Lorsque les dirigeants de la nouvelle entité corse ont demandé la co-officialité de la langue corse et du français dans l’objectif en particulier de sauver cette langue régionale, l’ensemble des dirigeants français s’est mis à pousser des cris d’orfraie. La seule langue de la République est le français ! Fin de la discussion.
Toute disparition de langue est pourtant avant tout celle d’un patrimoine historique, culturel et humain. Mais cette triste constatation d’une mort annoncée semble de bien peu de poids face à la préservation du dogme républicain. Comment ne pas prendre toutefois conscience du coté paradoxal et même cocasse d’une telle réponse, surtout à notre époque ?
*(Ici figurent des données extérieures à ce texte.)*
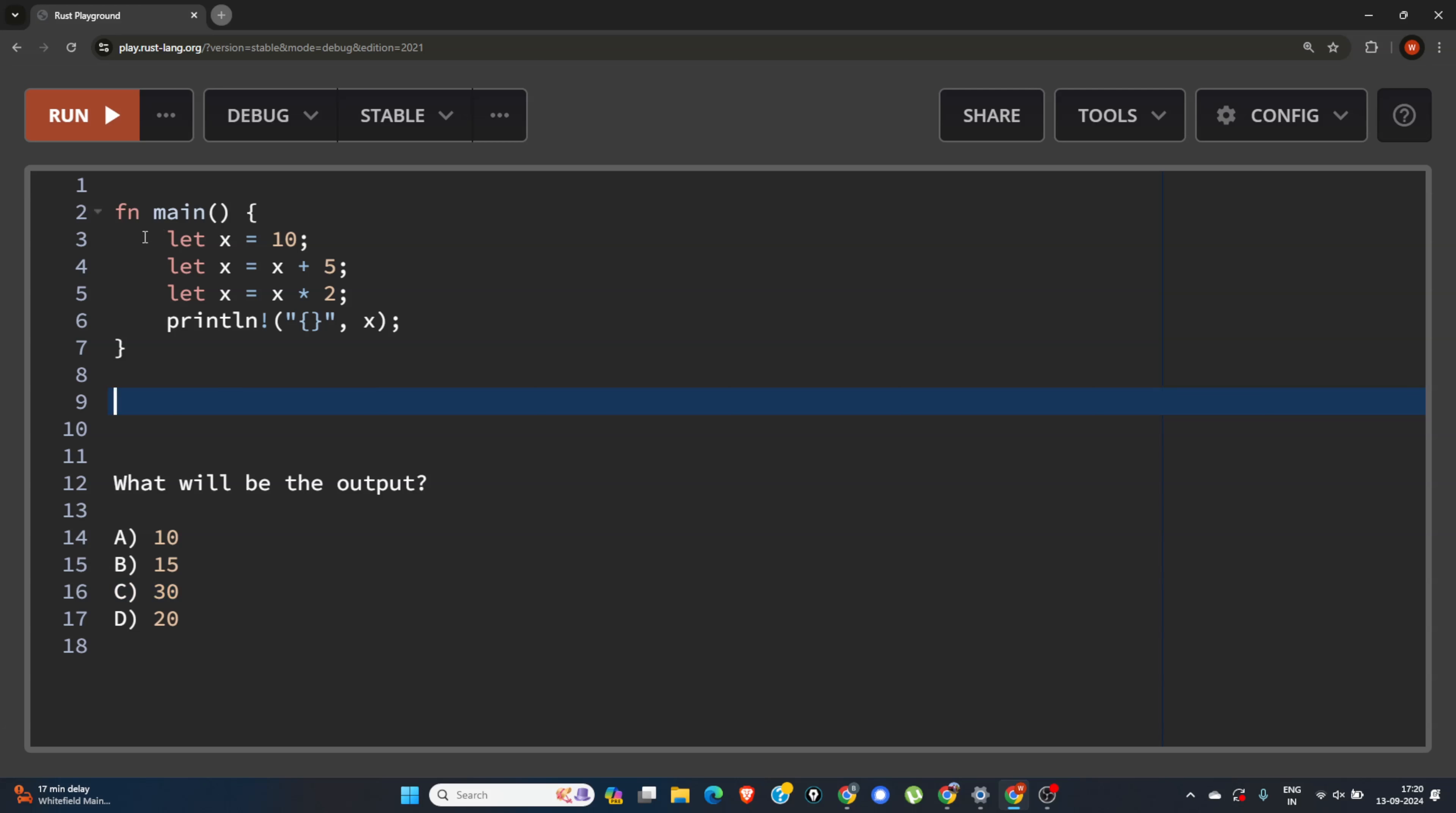So in line number 3, if you see, we have declared a variable and assigned the value 10. And in line number 4, we are shadowing this X, so after line number 4, this X cannot be used.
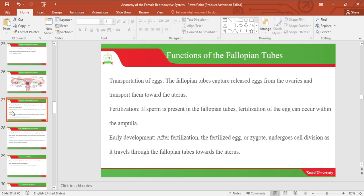Let's look at the functions of the fallopian tubes. One of the functions is transportation of eggs: the fallopian tubes capture the released ovum from the ovaries and transport it towards the uterus, where implantation takes place. Fertilization is also another function: if sperm is present in the fallopian tubes, fertilization of the ovum can occur within the ampulla. After fertilization, the fertilized egg undergoes cell division as it travels through the fallopian tubes towards the uterus, where it will implant.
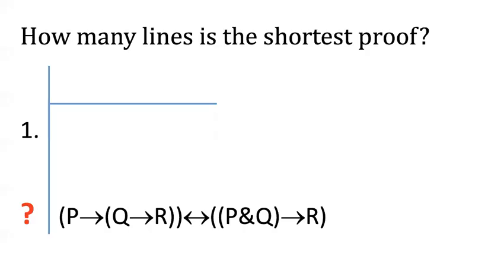Hi folks, in this video we're going to be practicing conditional proofs by doing a biconditional tautology. So pause your videos now and see if you can solve this proof.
On a du mal à imaginer le danger que le corse, qui évidemment ne se substituerait pas au français, ferait peser sur la République.
Les efforts considérables de la Collectivité Corse pour la survie de la langue à différents niveaux du tissu social (écoles, formation des adultes, culture…) sont salutaires, mais la co-officialité constituerait le vecteur déterminant d’une véritable diffusion populaire en particulier auprès des jeunes.
Elle n’exclurait évidemment pas ceux qui se sentiraient étrangers à cette langue mais conférerait en revanche à ceux qui parlent le corse la reconnaissance de leurs racines insulaires, souvent de leur langue maternelle et permettrait également aux nouveaux arrivants qui le souhaiteraient de découvrir cette langue et ainsi la culture, l’histoire et l’âme du territoire, en un mot cette spécificité, que le président Macron propose aujourd’hui d’inscrire dans la Constitution.
Un argument souvent avancé par les opposants de la co-officialité est celui de l’inutilité d’apprendre ou de parler une langue dont le nombre de locuteurs est réduit et déclinant. En réalité, une telle approche trouve sa source dans la conception réductrice d’une langue comme un simple outil, dont seules comptent l’efficacité et la rentabilité dans un monde mercantile. Alors abandonnons le corse, et pourquoi pas le français, et passons directement à l’anglais.
Il semble bien que les gardiens du dogme républicain opposés à la demande de la Collectivité Corse – dont la légitimité populaire ne souffre d’aucune discussion – ignorent totalement la réalité d’une menace actuelle beaucoup plus réelle et sérieuse et dont ils portent la lourde responsabilité : le cantonnement du français au statut de langue « régionale ».
Très à l’aise, le chef de l’État s’exprime fréquemment en anglais, non seulement dans ses allocutions à l’étranger mais aussi en France. Il est paradoxal et regrettable d’entendre le président d’une République si sourcilleuse de l’exclusivité du français s’exprimer aussi spontanément dans la langue dominante mondiale, faisant totalement fi de la francophonie. Par bonheur, un interprète traduit alors son discours dans notre langue, nationale et officielle.
Que ces dirigeants se rassurent, le jour n’est pas si loin où le choix de la langue ne se posera plus : le monde entier ne parlera plus qu’anglais et la France aura résolu avec brio et faute de combattants la question des langues régionales.